Hell I'd even say some of the stronger unnamed humans would be able to put up a fight against Slenderman, seeing how your average Gensokyo Human is supposed to be stronger than the average youkai.


----------



## Moonbeam Funk (Aug 27, 2012)

Zombehs said:


> That's all nice and all, but again Slenderman still doesn't pose a threat to anyone of any importance in the Touhouverse.
> 
> Hell I'd even say some of the stronger unnamed humans would be able to put up a fight against Slenderman, seeing how your average Gensokyo Human is supposed to be stronger than the average youkai.



Where did you get that impression? The average youkai literally eats the average human.
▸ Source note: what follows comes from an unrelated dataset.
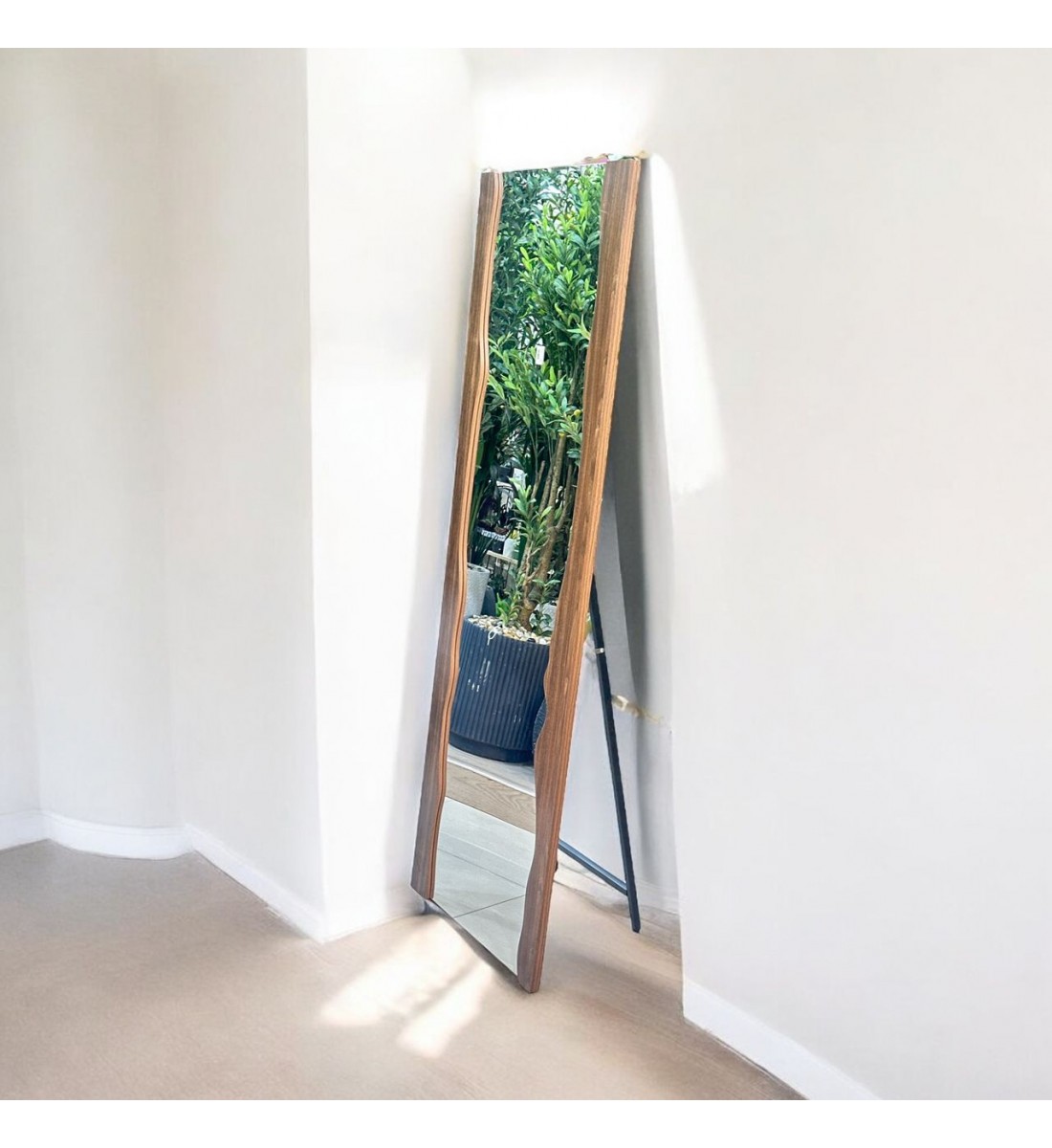 مرايا ستاند خشب بتصميم فريد باللون البني مقاس170×60سم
Reimu and Marisa are pretty much the only humans right now that are much stronger than youkai, and they're far from average.


----------



## 8-Peacock-8 (Aug 27, 2012)

Zombehs said:


> stronger unnamed humans



No. **


----------



## Qinglong (Aug 27, 2012)

You must mean average fairies, which an normal human can supposedly beat Cirno notwithstanding but she's far from average

Average youkai are easily stronger than most humans and regenerate from being cut into 5 pieces in seconds


----------



## 8-Peacock-8 (Aug 27, 2012)

Just noticed OP gave him Zalgo....Zalgo fucks up everyone.


----------



## Əyin (Aug 27, 2012)

I know Zalgo is planetary threat, but what are his impressive feats so that he could solo Touhou?


----------



## 8-Peacock-8 (Aug 27, 2012)

AntiReality said:


> I know Zalgo is planetary threat, but what are his impressive feats so that he could solo Touhou?



Let's see, mindrape, looking at him melts your body and drives you insane and causes your body to implode from growing extra appendages.
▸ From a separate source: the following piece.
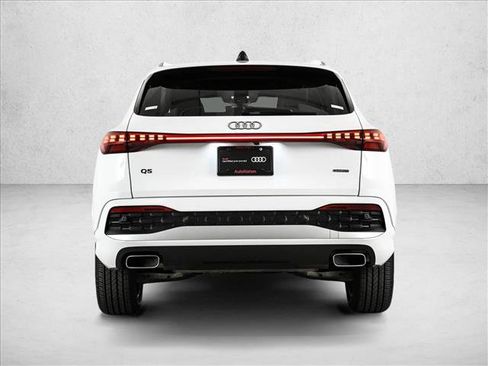 Certified 2025 Audi Q5 Premium w/ Convenience Package AWD/4WD image 7
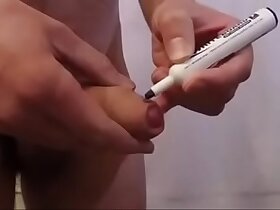 How a natural (uncircumcised) penis works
He can destroy the world by singing.

Yeah everyone here is fucked.


----------



## Zombehs (Aug 27, 2012)

I mean like mooks basically.... The enemies your characters blow up every stage. So yeah fairies, spirits, ghosts, weak youkai.



8-Peacock-8 said:


> Let's see, mindrape, looking at him melts your body and drives you insane and causes your body to implode from growing extra appendages.
> 
> He can destroy the world by singing.
> 
> Yeah everyone here is fucked.



What about Shinki?


----------



## 8-Peacock-8 (Aug 27, 2012)

Zombehs said:


> What about Shinki?



Before or after her body implodes and melts into nothing.

It also doesn't help that Zalgo is omnipresent. he watches everyone, everywhere, all the time.


----------



## Əyin (Aug 27, 2012)

Hmm... Zalgo is like a form of conceptual corruption?


----------



## 8-Peacock-8 (Aug 27, 2012)

AntiReality said:


> Hmm... Zalgo is like a form of conceptual corruption?



If you want to call him that go ahead. He's really more like an eldritch abomination.


----------



## Əyin (Aug 27, 2012)

8-Peacock-8 said:


> If you want to call him that go ahead. He's really more like an eldritch abomination.



Wow.. that means Zalgo is more like the internet version of Nyarlatohep


----------



## 8-Peacock-8 (Aug 27, 2012)

[YOUTUBE]http://www.youtube.com/watch?v=8kXNW-jExZg[/YOUTUBE]
[YOUTUBE]http://www.youtube.com/watch?v=s1RkCsrGfAE[/YOUTUBE]
[YOUTUBE]http://www.youtube.com/watch?v=9EmFzWz2OFg[/YOUTUBE]


----------



## Əyin (Aug 27, 2012)

Shit  that kind reminds me of Silent Hill.


----------



## 8-Peacock-8 (Aug 27, 2012)

Zalgo laughs at the Silent Hill.


*Spoiler*: __


----------



## Əyin (Aug 27, 2012)

I wonder there any indie game for Zalgo? 
Since Slendy became popular, I think the corrupter abomination deserve the attention too.


----------



## 8-Peacock-8 (Aug 27, 2012)

AntiReality said:


> I wonder there any indie game for Zalgo?
> Since Slendy became popular, I think the corrupter abomination deserve the attention too.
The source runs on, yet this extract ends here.